Jason Keller, legislative director for the AFL-CIO, said wage theft continues to be an issue in Illinois.
“Wage theft is an issue that cuts through all types of work, public and private workers, and over many years,” the labor union representative told a Senate panel examining the issue in mid-July. “… Sometimes it feels as if we are playing a game of Whac-A-Mole. When we fix one problem, employers find a new way to gain the system to cheat workers.”
Sophia Zaman, executive director of the Raise the Floor Alliance, which supports low-wage workers not already part of collective bargaining units, said at the July 18 hearing that there are real, devastating consequences of how wage theft plays out in the state.
She gave the example of two Chicago day laborers, Bonifacio Sandoval and Miguel Gomez, who did construction work on a home being remodeled three summers ago. They worked 10 hours a day in the hot summer sun, but didn’t get paid for weeks, according to Zaman.
“They would work and hope they would be paid and the employer just kept coming up with excuses,” Zaman said.
She said the employer still owes the two workers more than $10,000 for the work performed in 2016.
“This act of wage theft had devastating repercussions for these two members,” Zaman said. “Because Bonifacio was waiting for his old wages, he didn’t have enough money to pay taxes on his own home and, as a result, lost his house. He also had to hire a lawyer to help him file a claim. Those lawyer fees put an immense financial burden on his family, causing enough stress that the family actually had to separate. Meanwhile, Miguel has also been struggling to make ends meet and has been forced to use his entire savings to cover his mortgage payments.
“Bonifacio and Miguel’s stories are not the anomaly, they are the routine.”
Bill Ward, executive vice president of the Homebuilders Association of Illinois, said while he and others in the construction industry support clamping down on wage theft, the way the legislation, which passed the state House in April, is written those abiding by the law can still pay a price.
“It punishes the innocent,” Ward said of the legislation. “We stand with the proponents on wage-payment law as far as anyone who has committed wage theft to a worker should be punished and should pay their wages they owe their employees.”
He noted that the bill as written allows individuals to go after contractors over wages even though those contractors may have paid subcontractors in full.
Ward said a DuPage County home builder he talked with said he would probably go out of business, if the legislation passed, because it would require him to need a $4 million revolving loan to cover the $200,000 in labor costs for the 20 homes he builds per year.
“Illinois is right now, and has been for eight years, 50th in the country in new home construction and so far this year we have dropped by 7.5 percent. So we’re still going down,” Ward said. “When the recession came, 85 percent of our market left the state of Illinois … We cannot sustain this bill as it is written.”
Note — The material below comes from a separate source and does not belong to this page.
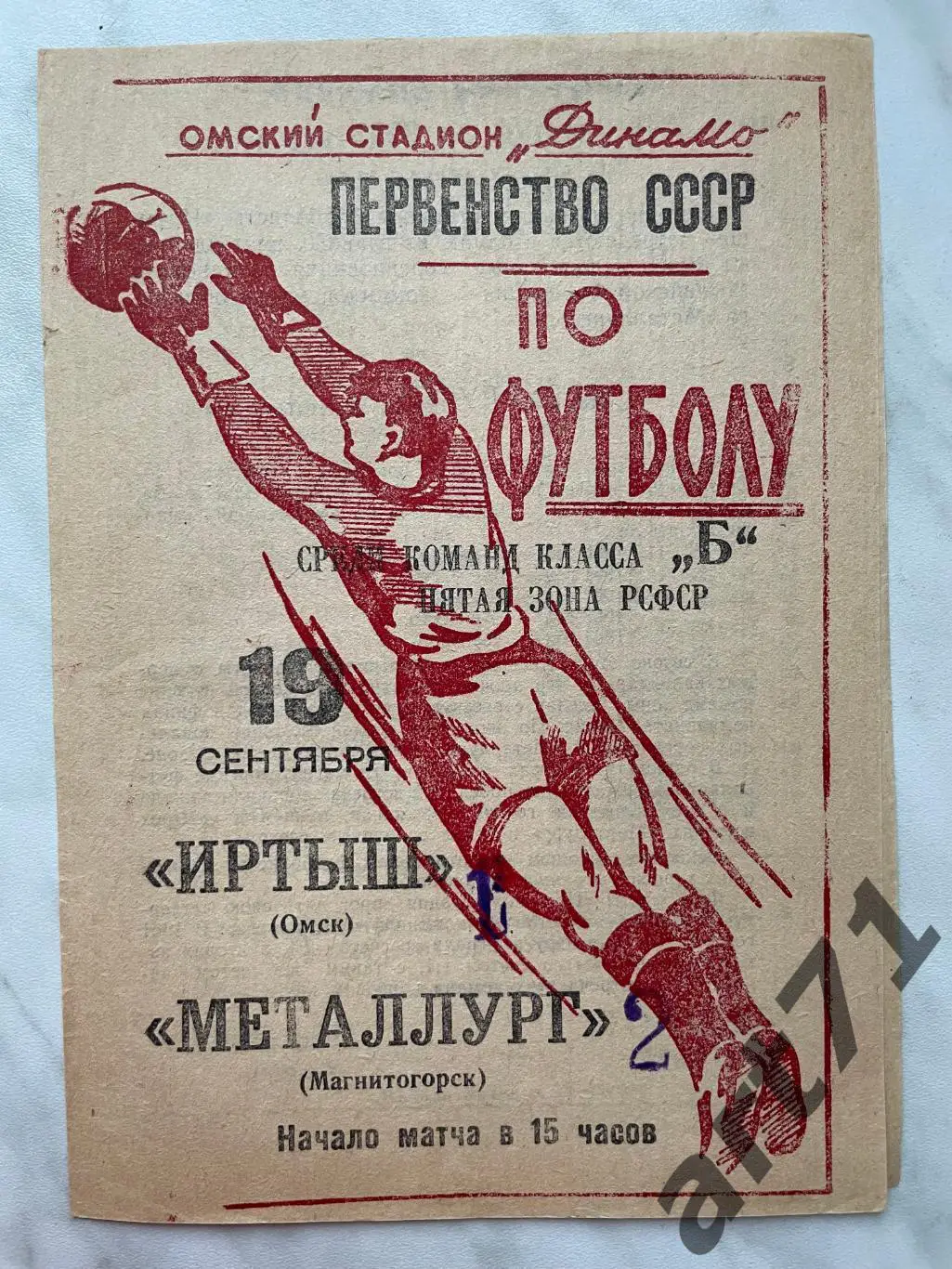 Иртыш Омск - Металлург Магнитогорск 1965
Bill Viggnochi, treasurer of John Keno & Company, Inc., a construction and excavation firm in Chicago, said that no one is in favor of wage theft, but the legislation as written would stifle cash flow in the industry.
“It would impede payments to all subcontractors on all projects, impede project funding and possibly transfer of title,” Viggnochi said.
He said contractors rarely know the third- and fourth-level subcontractors on a job and definitely don’t know their business practices.
Viggnochi said the proposed legislation “would slow the entire payment process.”
He called requirements under the legislation an “administrative nightmare for all parties involved, with no guarantee of accuracy.”
“The proposed bill is bad for business, bad for construction and it’s bad for Illinois,” Viggnochi said.
Senator Fine said she will continue to work to find common ground on the legislation.
“We’re trying to find a place where we can land,” Fine said. “… There is an issue out there and we do have to resolve it.”